5. Train Unilaterally
We’re inherently asymmetrical. So when we perform bilateral tasks (walking, cycling, rowing, barbell lifts), we feed into this asymmetry. If this goes unchecked, it can lead to overuse injuries on one side and/or compensatory injuries on the other.
We recommend performing at least one unilateral training day per week.
This is where having a good program comes into play! At Peak Performance Fitness Facility, we ensure that we train all areas of our bodies. Our programming is designed to focus on the strengths, weaknesses and to ensure we train all areas of the body.
We specifically program at least 1 day per week in which we use dumbbells or kettlebells so we can train unilaterally.
And, if our program isn't fixing the issues, this is where our team of expert Coaches come into play! Each one of our Coaches has a unique specialty from: Mobility, competitive training, gymnastics, nutrition and more! And, we have developed a unique relationship with a team of experts outside of our gym... So, if we can't fix you we have an entire team of Physical Therapists, Chiropractors, Massage therapists and acupuncturists to help!
6. Begin With The Core
Everything we do all starts and ends with the core – the core is commonly referred to our abdominal muscles, but the core is actually more than just our abs; they consist of our lower back muscles and obliques (sides).
Our core does everything from helping us breath, keeping us upright to protecting us in high-threshold lifts.
The core is extremely important for maintaining quality movement patterns.
A common problem occurs when lifters sacrifice their core stability to complete a movement.
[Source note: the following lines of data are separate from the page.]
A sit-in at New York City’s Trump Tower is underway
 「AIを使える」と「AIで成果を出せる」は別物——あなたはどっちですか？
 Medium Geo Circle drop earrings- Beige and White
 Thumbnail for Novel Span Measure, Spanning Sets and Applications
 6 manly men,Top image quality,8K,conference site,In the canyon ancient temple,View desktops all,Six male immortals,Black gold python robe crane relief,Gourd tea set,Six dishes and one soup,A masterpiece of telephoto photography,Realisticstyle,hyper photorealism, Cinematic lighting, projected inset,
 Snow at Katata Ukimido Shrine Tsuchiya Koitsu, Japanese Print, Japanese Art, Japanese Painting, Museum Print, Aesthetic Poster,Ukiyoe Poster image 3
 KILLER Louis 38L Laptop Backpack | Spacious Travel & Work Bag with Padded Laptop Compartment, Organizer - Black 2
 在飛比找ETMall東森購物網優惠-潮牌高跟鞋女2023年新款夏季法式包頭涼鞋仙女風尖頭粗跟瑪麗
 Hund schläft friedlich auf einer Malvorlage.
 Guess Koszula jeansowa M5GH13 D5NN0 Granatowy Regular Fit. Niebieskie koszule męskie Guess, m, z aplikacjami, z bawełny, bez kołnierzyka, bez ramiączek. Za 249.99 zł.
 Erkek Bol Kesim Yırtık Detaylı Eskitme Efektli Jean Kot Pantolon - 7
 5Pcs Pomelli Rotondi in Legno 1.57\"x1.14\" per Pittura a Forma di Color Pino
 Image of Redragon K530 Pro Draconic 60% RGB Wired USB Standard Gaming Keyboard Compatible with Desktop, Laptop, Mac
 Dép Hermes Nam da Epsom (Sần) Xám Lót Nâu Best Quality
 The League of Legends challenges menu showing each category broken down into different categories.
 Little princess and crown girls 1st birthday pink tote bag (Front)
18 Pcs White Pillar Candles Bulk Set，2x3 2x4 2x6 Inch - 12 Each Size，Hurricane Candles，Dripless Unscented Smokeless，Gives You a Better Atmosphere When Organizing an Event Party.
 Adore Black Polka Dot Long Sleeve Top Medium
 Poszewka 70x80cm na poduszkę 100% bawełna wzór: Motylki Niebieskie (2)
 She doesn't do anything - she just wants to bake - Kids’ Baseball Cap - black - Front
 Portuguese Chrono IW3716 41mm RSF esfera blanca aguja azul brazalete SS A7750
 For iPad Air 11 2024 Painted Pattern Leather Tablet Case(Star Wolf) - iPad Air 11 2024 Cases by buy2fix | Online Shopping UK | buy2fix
When this happens, the shoulders and hips are forced to not only move the body, but to stabilize it as well. This “double duty” sets these joints up for an injury. To prevent this from happening, make sure your “knots” are tied to the right place and that core stability is apriority during lifts.
Doing all the ab crunches will help get is a stronger core, but learning not use these muscles and squeeze them during lifts and movements is what will protect us from injury.
7. Know When To PR
There’s a reason why you can’t PR (achieve a personal record)every time you work out.
Improving performance is a complex system that involves many variables. If you go for it with every lift, every time, then you risk cumulating more stress than you can handle. This not only decreases performance and prevents gains, but increases the chances of becoming injured. Trying to PR every day also taxes our CNS (Central Nervous System), which doing so too often, can lead to adrenal fatigue and other issues.
Our rule of thumb at the gym is to practice reps and movements consistently, focus on proper form first, then slowly add more weights and then speed and intensity will follow. If we don't practice good form and technique first and foremost, then under heavy loads and high stress you won't be able to control the movement, and as a result, you risk more injury.
So, what should you do? Be patient. Set specific goals. Make a plan. Focus on PRing only a few things at a time. Work on Rules 1-6. Listen to your body’s readiness and have a good training staff that knows how to help you through steps 1-7!